I've managed twice in so many months to leave ways my two could have gone out (granted they are neutered boys) but still incredibly stupid of me. The one time the latch couldn't have clicked down properly on the door but the other time I some how managed to leave the back door open all night and I couldn't even tell you how I did it. i don't even remember opening it. I regard myself as a responsible person but that was clearly stupid of me.

It's a really bad situation but I can see how it happened and how the OP can love cats and support rescue. I'm not saying it's ok though.


----------



## gloworm*mushroom (Mar 4, 2011)

I'm not saying its impossible to be pro rescue and still neglect to help the crisis, but when people post on here and other people give up their hard earned cash to help out a rescue, after the OP highlighte their plight, well. This is exactly HOW these rescues get into these problems.

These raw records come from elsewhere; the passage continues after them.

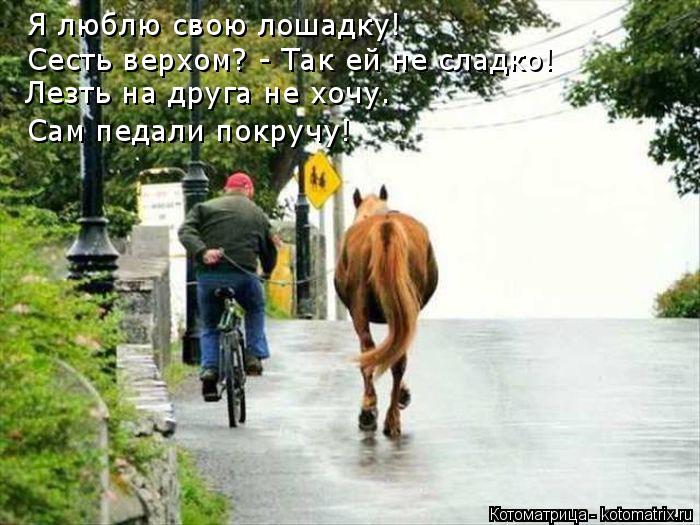 Я люблю свою лошадку! Сесть верхом? - Так ей не сладко! Лезть на друга не хочу. Сам педали покручу!... Котоматрица: Я люблю свою лошадку! Сесть верхом? - Так ей не сладко! Лезть на друга не хочу. Сам педали покручу!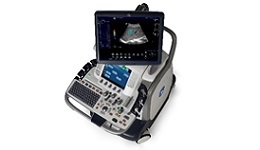 Shear Wave Elastography 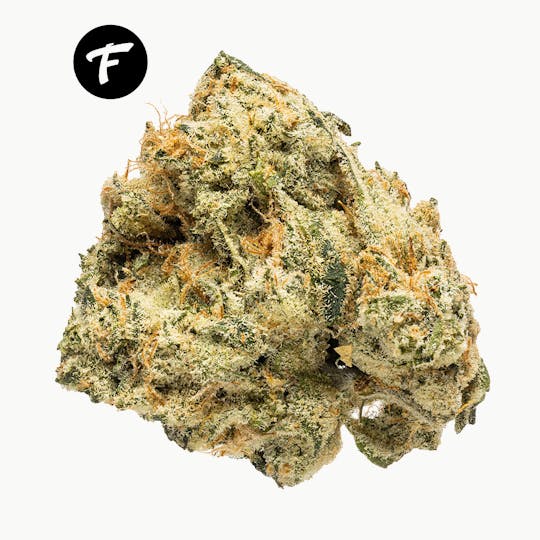 Forte Cannabis - Forté Fire Pack - E-85 (10pk) - 1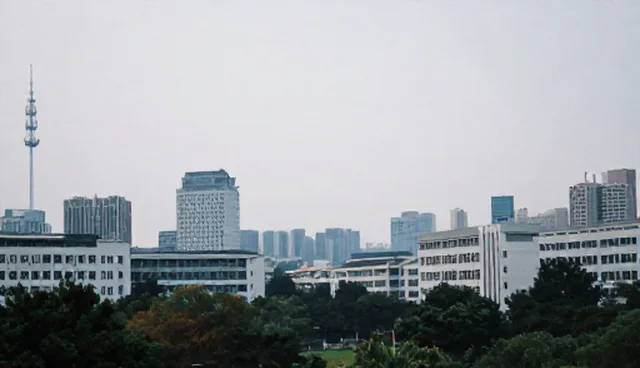 技术外包选型中的常见管理误区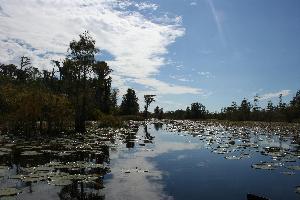 Florida abseits ausgetretener Touristenpfade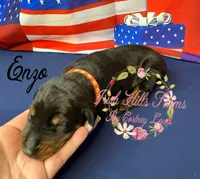 Enzo, a male Doberman Pinscher for sale in Dover, FL – 3 of 5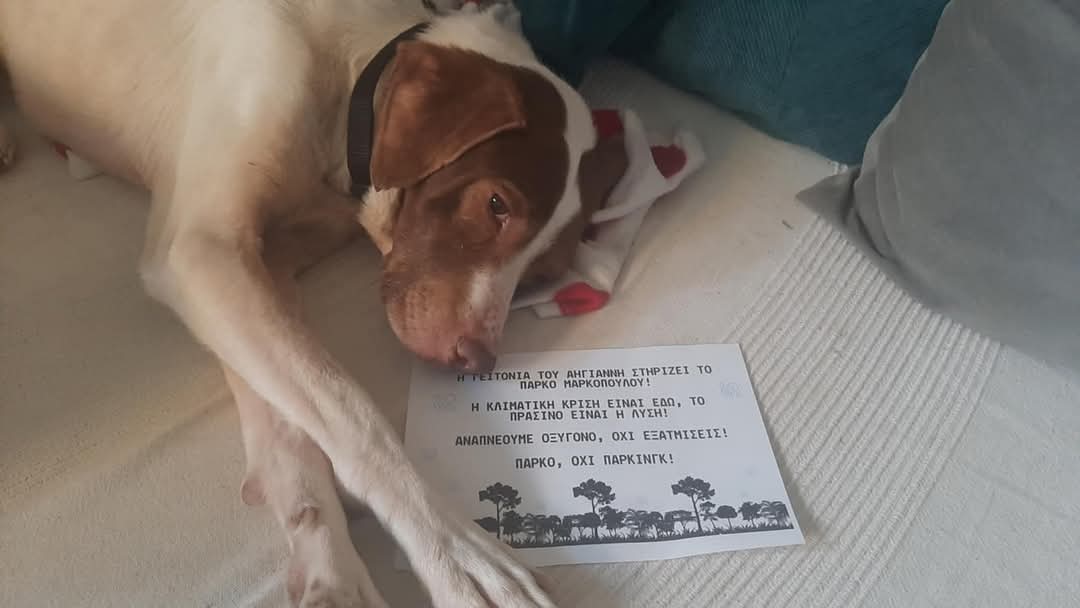 Η υπέροχη Νέλλη που βρέθηκε ημιθανής από την ασιτία έχει πάρει 5 κιλά και είναι υπέροχος χαρακτήρας! Είναι περίπου 7 ετών, πολύ συνεργάσιμη και τα πάει τέλεια με άλλα ζώα. Αν ψάχνετε μια ήρεμη συντροφιά, είναι ιδανική περίπτωση! ❤️🙏☎️ 6945593988.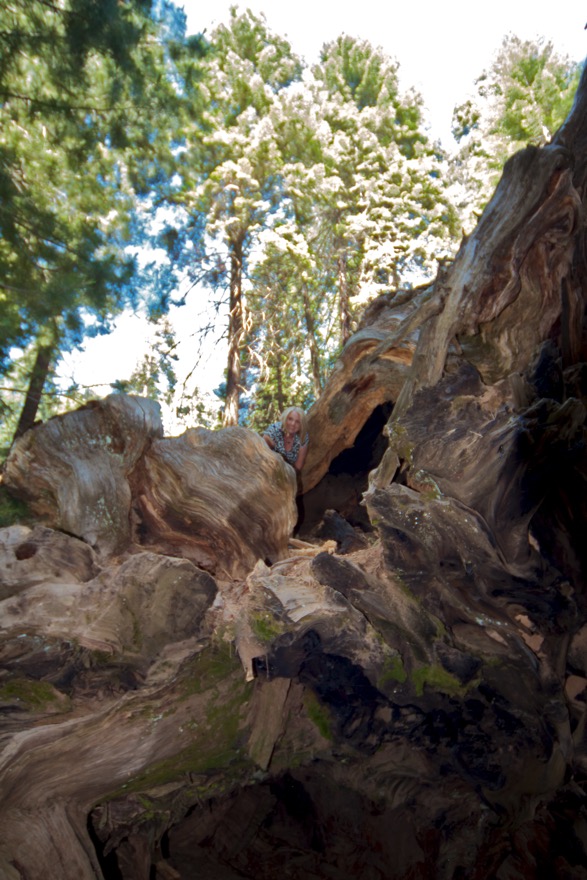 2010-07-23 SequoiaNatPark 069.jpg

May the money that will now be spent on these ten kittens would have been better spent at the rescue.

Not forgetting the first litter was on purpose, to help a friend with 'research'  plenty more to research now I guess...


----------



## XxZoexX (Sep 8, 2010)

Aurelia said:


> To add to what GWM says ... please do not pool the litters. You can see in one of the pictures almost all (if not all) of the kittens are on one cat  Not a good situation ... well none of it is, but please don't make it worse. You're obviously not having a lucky streak so I wouldn't risk anything else right now.
> 
> *Also ... how the heck did she make it back in through the window on the 2nd floor?*


As you all know i have no clue about cats but i have to admit i was shocked to see my neighbours cat over the road go up the drainpipe to get in the upstairs window.. they leave it open all night for her/him and that is there access. 
Personally i chose never to have a cat as i couldnt bare the thought of them out on the street... until i came on here and saw all the options of an "indoor" cat (cat run ect) now im seriously considering it when were in the position of doing that :lol:


----------



## Cloudygirl (Jan 9, 2011)

gloworm*mushroom said:


> I'm not saying its impossible to be pro rescue and still neglect to help the crisis, but when people post on here and other people give up their hard earned cash to help out a rescue, after the OP highlighte their plight, well. This is exactly HOW these rescues get into these problems.
> 
> May the money that will now be spent on these ten kittens would have been better spent at the rescue.
> 
> Not forgetting the first litter was on purpose, to help a friend with 'research'  plenty more to research now I guess...


I do never get the just one litter thing I have to say.

Sometimes I look at my Bobs and think it's a shame he's never fathered a kitten because he's such a beautiful natured cat )but then I think that if I had thought like that I would have never got a rescue cat so never had the chance to be his slave  in the first place.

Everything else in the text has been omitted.